El  pentagrama de líneas doradas recorre el cielo en un viaje vertical y vibra sobre el dibujo astronómico de Trouvelot. Tal vez los astros emiten un zumbido que cae sobre la Tierra,​ como propuso Pitágoras en la teoría de “la armonía de las esferas”, pero es imperceptible para el oído humano. Silvia Gurfein conecta aquellos sonidos celestiales con colores. Su obra trabaja con la sinestesia al igual que Rimbaud cuando dedicó un soneto a las vocales: “A negro, E blanco, I rojo, U verde, O azul”. En la secuencia tonal telescópica se impone la O, tan próxima morfológicamente al cero que se confunde con la nada. Aquel murmullo cósmico, el lenguaje ininteligible de las cosas mudas, nos envuelve con su manto azul. Una polifonía eterna, percibida por el intelecto y no por el oído. Inaudible, sólo se recupera a través de variaciones, una de las formas más antiguas de la historia de la música. 
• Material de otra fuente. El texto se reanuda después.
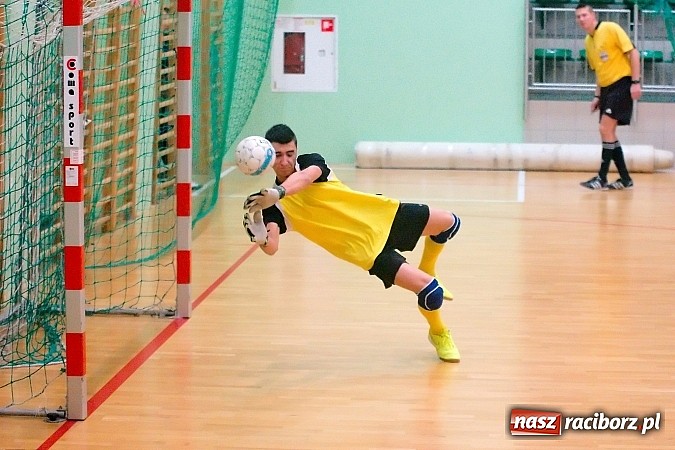 Zdjęcie w galerii na portalu naszraciborz.pl: HLPN: Pierwsze zwycięstwo Feniksa. Morze epitetów w II lidze wiadomości z regionu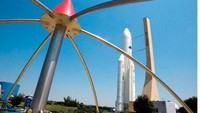 Replika roket Ariane 5 (guardian.co.uk)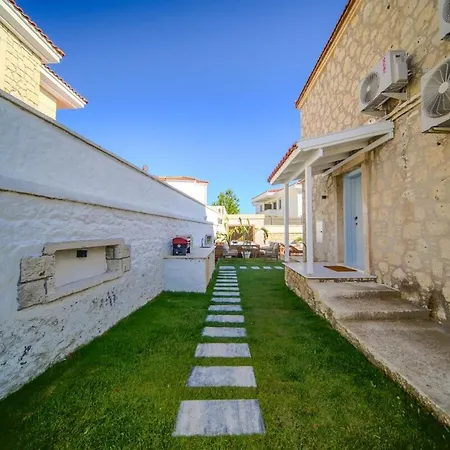 Alacati'da Saunali Jakuzili ヴィラ *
Esta exposición reúne una serie de archivos desclasificados de Cielo, libro que publicamos en 2020, resultado de la investigación pictórica, literaria y poética que Silvia Gurfein llevó a cabo a lo largo de varios años. Dispuestas en el espacio, las obras, que nunca habían sido mostradas en vivo, componen un ensayo visual. En ellas la figura del cielo aparece una y otra vez como leit motiv, transformada y reversionada a través de distintos procesos compositivos que hacen sonar la música de las esferas, sus ecos pictóricos, oleadas de movimiento perpetuo con variaciones en azul.